The government slightly increased victim protection efforts. The government identified 19 victims, compared with 17 victims in 2020. Of these, six were victims of sex trafficking, five of forced labor, seven of forced criminality, and one victim of all three types of exploitation; there were four women, five men, five girls, and five boys; and four were foreign victims from Nepal. The government maintained standard operating procedures (SOPs) for screening and identifying victims and a protocol on identification, assistance, and protection of victims. Civil society representatives and government officials reported the MOI accurately and consistently identified victims and noted good cooperation. However, civil society, media, and the Council of Europe continued to report a lack of government efforts to adequately screen undocumented migrants and asylum seekers, including unaccompanied children.

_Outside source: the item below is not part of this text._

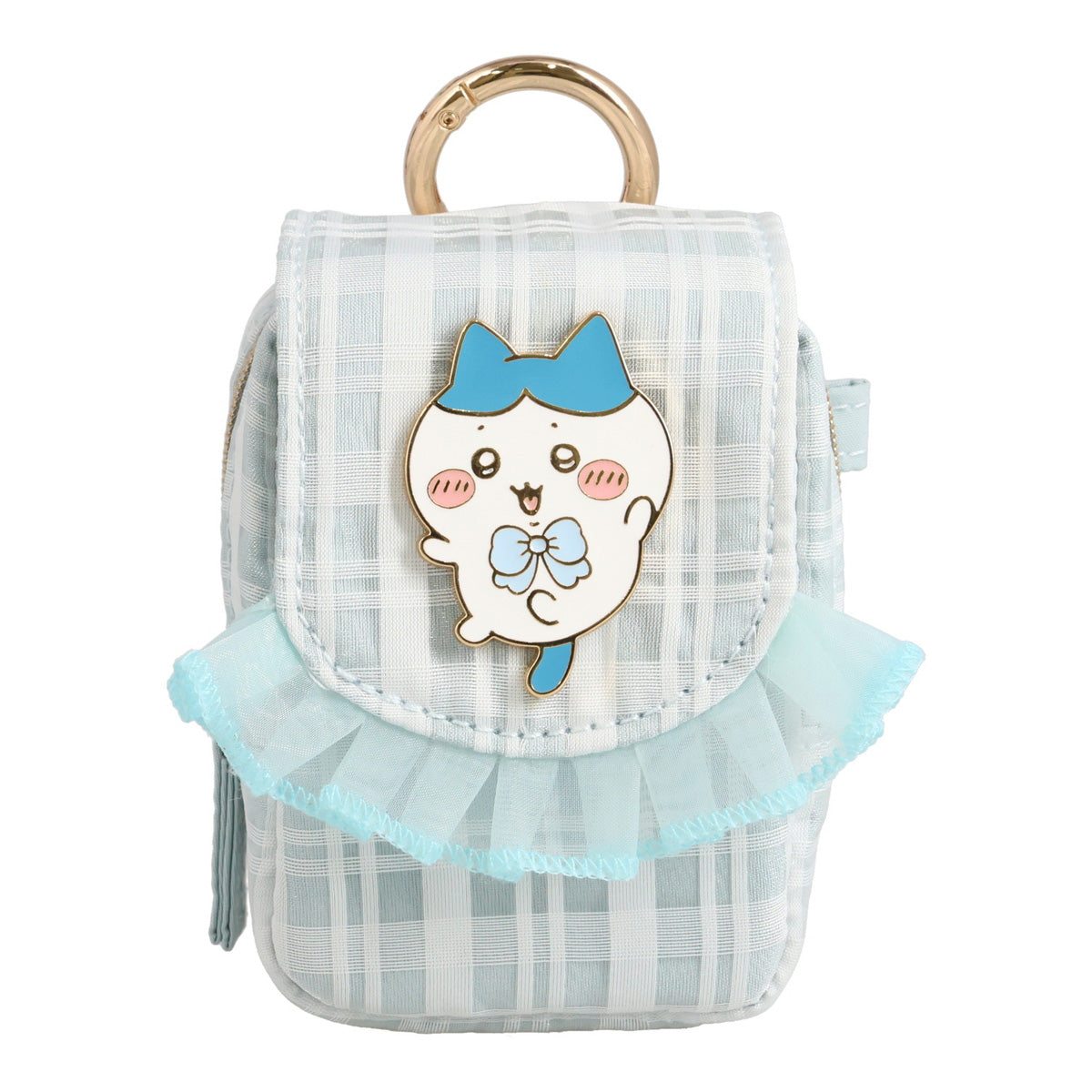 ちいかわ カラビナ付きミニポーチ(チェック・ハチワレ)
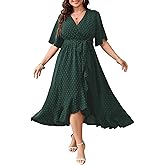 SCOMCHIC Women's Plus Size Summer Dresses Short Sleeve Wrap V Neck Swiss Dot Boho High Low Split Ruffle Maxi Dress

A multi-disciplinary national referral mechanism (NRM) provided SOPs for identifying and referring victims to services. According to the NRM, first responders carried out the preliminary identification of potential victims and contacted one of four regional mobile teams, consisting of social workers from a Center for Social Work and NGO representatives, who travelled to assess potential adult victims in person and coordinated victim care and placement. For child victims, first responders contacted the Ministry of Labor, Pension System, Family and Social Policy (MLPSFSP), who dispatched a mobile team of specialized social workers. MOI cooperated with mobile teams to officially identify victims and included specialized police officers for potential child victims. While in previous years, NGOs participating in the mobile team for adults had not been reimbursed for expenses related to the use of their private vehicles for official travel, officials reported the mobile team functioned well and the OHRRNM reimbursed costs in 2021. In previous years, sources reported difficulties in recruiting new mobile team members due to annual budgets that allocated inconsistent funding and said a one-day training for new team members was inadequate to learn the complex process of identifying victims; however, OHRRNM provided 130,000 kunas ($20,160) to host a three-day training for new mobile unit volunteers in 2021.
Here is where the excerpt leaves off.